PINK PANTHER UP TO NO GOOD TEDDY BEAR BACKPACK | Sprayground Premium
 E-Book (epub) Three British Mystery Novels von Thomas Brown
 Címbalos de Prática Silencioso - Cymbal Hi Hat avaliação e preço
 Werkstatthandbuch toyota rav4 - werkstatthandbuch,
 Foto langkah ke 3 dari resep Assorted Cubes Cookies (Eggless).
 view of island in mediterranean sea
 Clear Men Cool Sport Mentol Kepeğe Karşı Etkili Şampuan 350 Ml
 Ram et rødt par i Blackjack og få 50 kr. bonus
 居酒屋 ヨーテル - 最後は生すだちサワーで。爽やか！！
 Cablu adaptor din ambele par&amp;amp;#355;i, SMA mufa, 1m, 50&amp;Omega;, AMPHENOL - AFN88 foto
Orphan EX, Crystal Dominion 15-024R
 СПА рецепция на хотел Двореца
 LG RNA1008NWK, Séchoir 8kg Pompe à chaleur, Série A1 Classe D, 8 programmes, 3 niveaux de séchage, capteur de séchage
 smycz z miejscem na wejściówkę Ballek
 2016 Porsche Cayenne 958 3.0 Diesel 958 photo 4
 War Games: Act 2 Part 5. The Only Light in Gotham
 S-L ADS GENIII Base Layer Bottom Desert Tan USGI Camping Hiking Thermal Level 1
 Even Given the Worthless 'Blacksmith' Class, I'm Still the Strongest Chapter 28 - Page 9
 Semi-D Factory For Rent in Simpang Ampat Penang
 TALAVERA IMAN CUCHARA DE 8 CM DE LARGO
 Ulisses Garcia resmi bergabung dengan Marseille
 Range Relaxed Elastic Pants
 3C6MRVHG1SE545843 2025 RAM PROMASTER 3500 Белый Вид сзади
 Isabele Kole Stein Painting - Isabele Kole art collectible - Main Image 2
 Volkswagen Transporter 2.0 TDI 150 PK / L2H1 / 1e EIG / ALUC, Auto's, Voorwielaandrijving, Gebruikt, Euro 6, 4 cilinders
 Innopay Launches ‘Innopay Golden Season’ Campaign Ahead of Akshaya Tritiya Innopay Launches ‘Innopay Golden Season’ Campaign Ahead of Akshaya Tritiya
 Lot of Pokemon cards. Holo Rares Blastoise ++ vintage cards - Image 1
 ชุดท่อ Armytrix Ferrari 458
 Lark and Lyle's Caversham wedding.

Work to be completed | The answer must be exactly the lines from the one containing "Lot of Pokemon" through the final line of the data, both ends included, and nothing else.

Task solution |
 Lot of Pokemon cards. Holo Rares Blastoise ++ vintage cards - Image 1
 ชุดท่อ Armytrix Ferrari 458
 Lark and Lyle's Caversham wedding.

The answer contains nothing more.